***** Task data

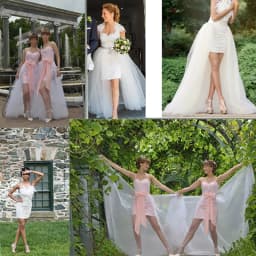 Women Tulle Tutu Long Skirts Wedding Party Cocktail Prom Bandage Mesh Maxi Skirt Bridal High Waist Detachable Overskirt Overlay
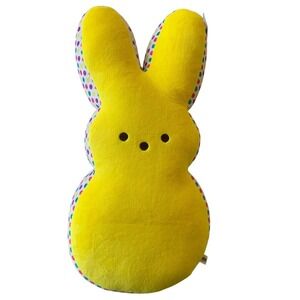 Peeps 17" Bunny Yellow Polka Dot Easter Weighted Scented Plush Toy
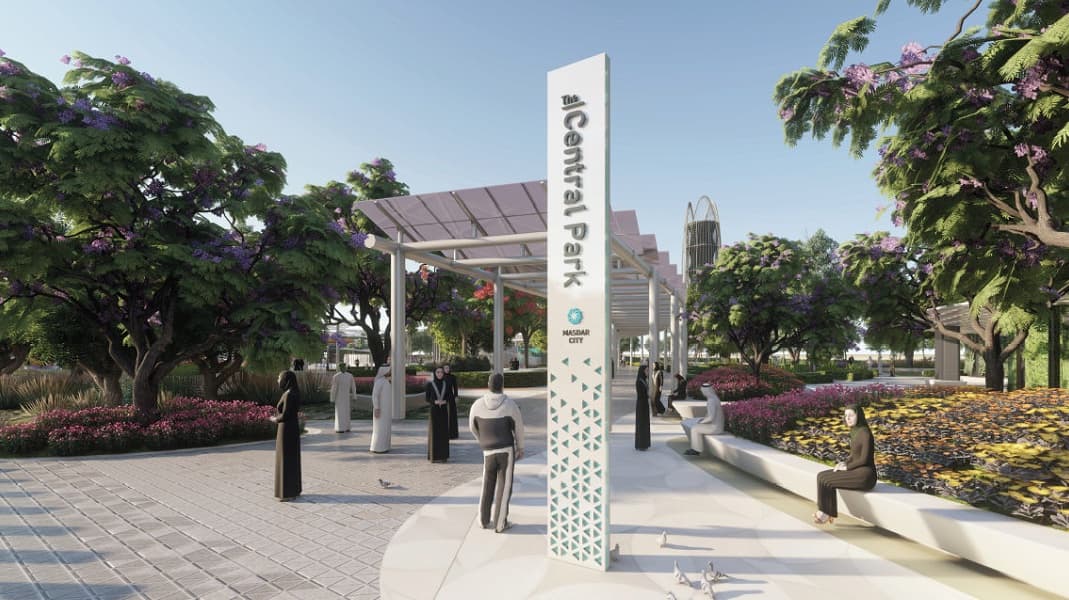 Masdar Park Abu Dhabi — Infrastructure – Landscape BIM project by BIMCO Technology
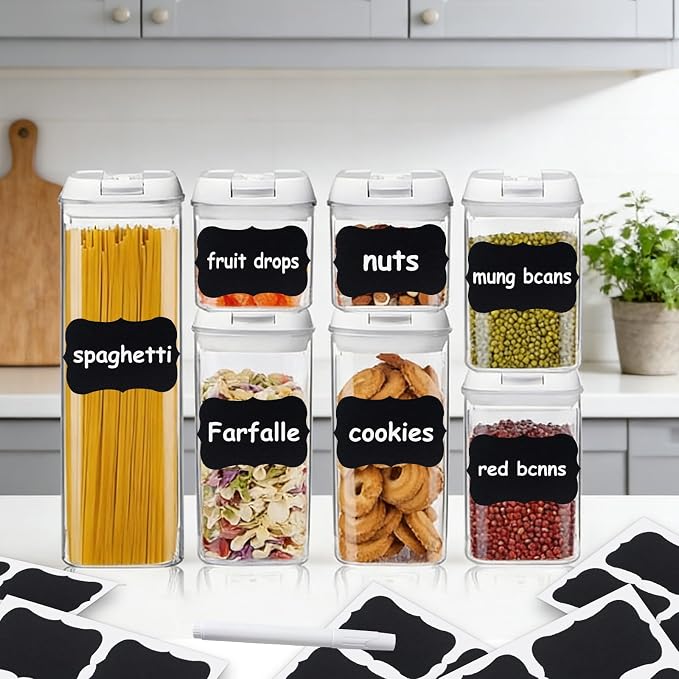 180PCS Chalkboard Labels-3.4" x 2.1" Large Size Reusable Blackboard Stickers - Image 7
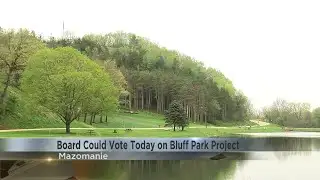 Board could vote Monday on bluff park project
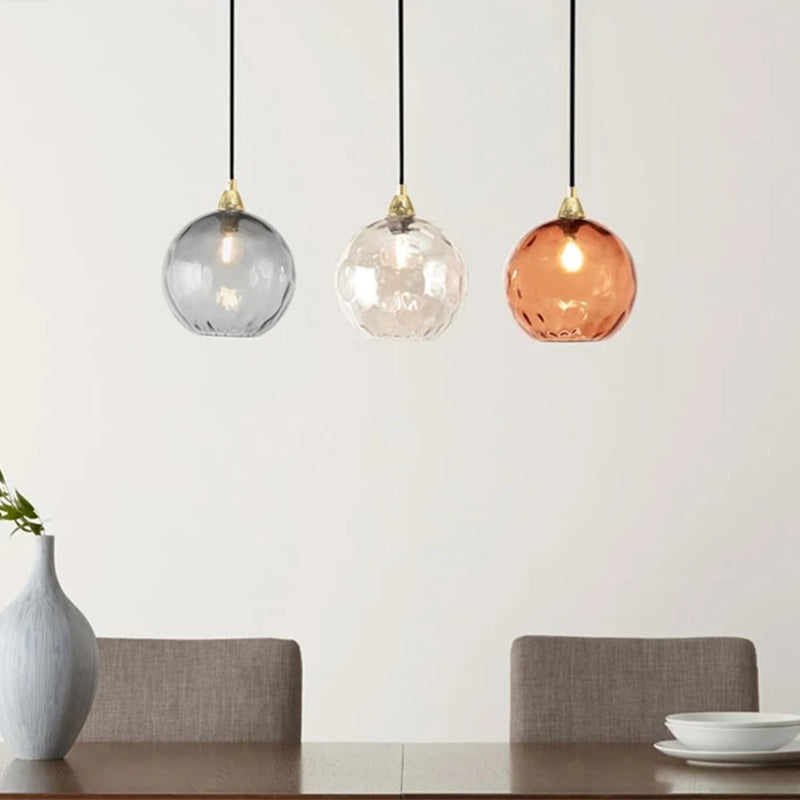 Glass Pendant Light With Water Ripple Effect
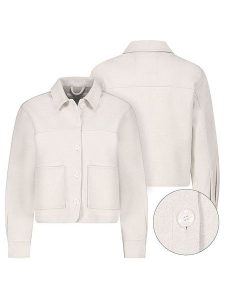 Sublevel Kurtka koszulowa w kolorze kremowym rozmiar: M. Brązowe kurtki Sublevel, m, bez wzorów, bez kaptura. Za 205,45 zł.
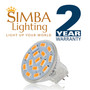Simba Lighting® LED MR11 3W 20W Halogen Replacement Bulbs 12V GU4 Bi-Pin 3000K Soft White 4-Pack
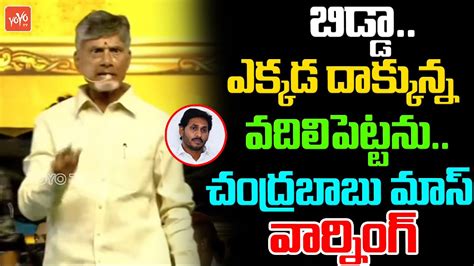 ఎకకడ దకకనన వదలపటటన Chandrababu Naidu Mass Warning To YS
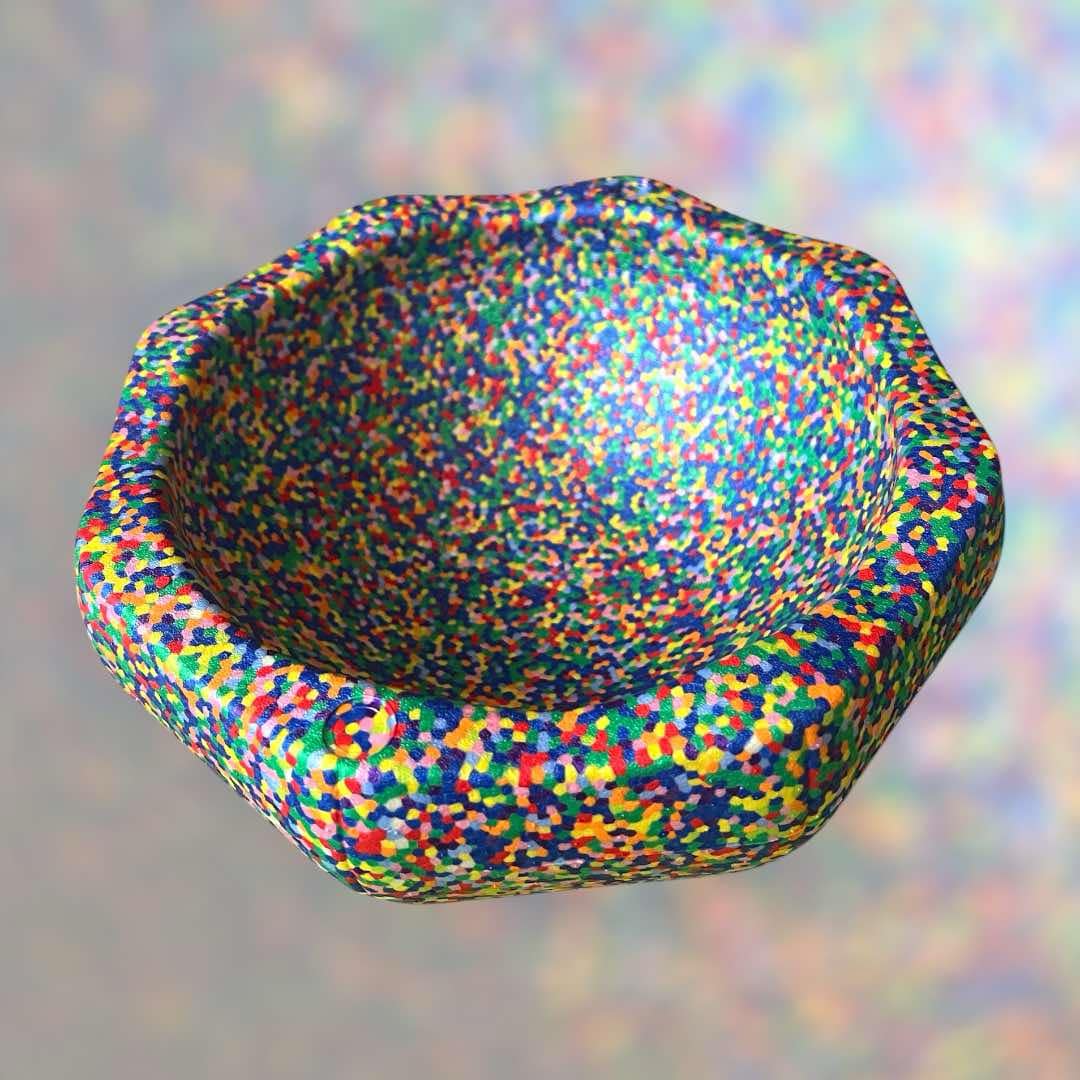 Rainbow Confetti Stepping Stone (Single Piece)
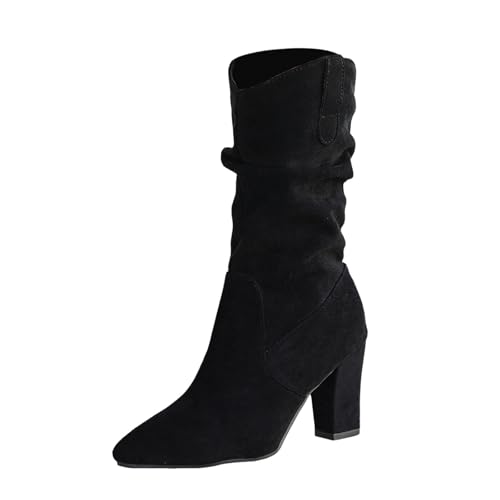 MODSGUE Damen Stiefeletten Elegant Wildleder Halbstiefel Schlupfschuhe Stiefel Halbhohe Bequemer Absatz Ankle Boots Halbhoch Westernstiefel Mit Schnalle Kurzstiefel Winterstiefel MODSGUE Damen Stiefeletten Elegant Wildleder Halbstiefel Schlupfschuhe Stiefel Halbhohe Bequemer Absatz Ankle Boots Halbhoch Westernstiefel Mit Schnalle Kurzstiefel Winterstiefel von MODSGUE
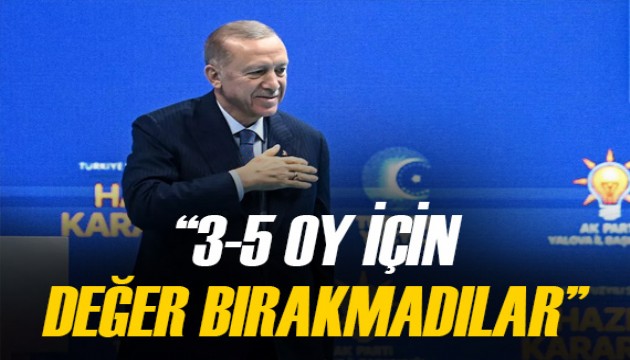 Cumhurbaşkanı Erdoğan'dan muhalefete 'DEM' tepkisi!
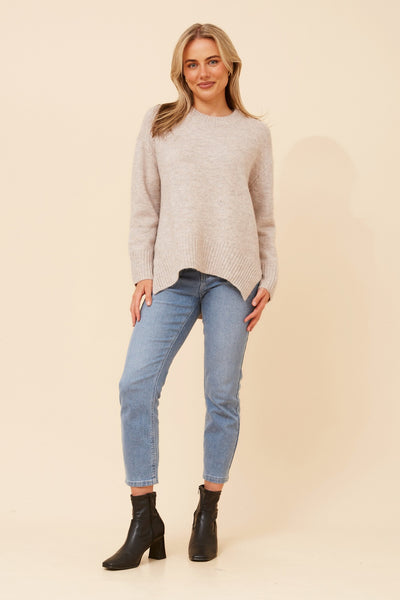 Christina Sweater Oatmeal Marle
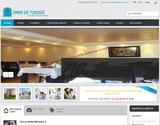 développement d'un site web (Joomla) pour une agence immobilière tunisienne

**********

(What you have to do)
Set down all of the material word for word, but keep each picture out.

(Output of the exercise)
 Women Tulle Tutu Long Skirts Wedding Party Cocktail Prom Bandage Mesh Maxi Skirt Bridal High Waist Detachable Overskirt Overlay
 Peeps 17" Bunny Yellow Polka Dot Easter Weighted Scented Plush Toy
 Masdar Park Abu Dhabi — Infrastructure – Landscape BIM project by BIMCO Technology
 180PCS Chalkboard Labels-3.4" x 2.1" Large Size Reusable Blackboard Stickers - Image 7
 Board could vote Monday on bluff park project
 Glass Pendant Light With Water Ripple Effect
 Sublevel Kurtka koszulowa w kolorze kremowym rozmiar: M. Brązowe kurtki Sublevel, m, bez wzorów, bez kaptura. Za 205,45 zł.
Simba Lighting® LED MR11 3W 20W Halogen Replacement Bulbs 12V GU4 Bi-Pin 3000K Soft White 4-Pack
 ఎకకడ దకకనన వదలపటటన Chandrababu Naidu Mass Warning To YS
 Rainbow Confetti Stepping Stone (Single Piece)
 MODSGUE Damen Stiefeletten Elegant Wildleder Halbstiefel Schlupfschuhe Stiefel Halbhohe Bequemer Absatz Ankle Boots Halbhoch Westernstiefel Mit Schnalle Kurzstiefel Winterstiefel MODSGUE Damen Stiefeletten Elegant Wildleder Halbstiefel Schlupfschuhe Stiefel Halbhohe Bequemer Absatz Ankle Boots Halbhoch Westernstiefel Mit Schnalle Kurzstiefel Winterstiefel von MODSGUE
 Cumhurbaşkanı Erdoğan'dan muhalefete 'DEM' tepkisi!
 Christina Sweater Oatmeal Marle
 développement d'un site web (Joomla) pour une agence immobilière tunisienne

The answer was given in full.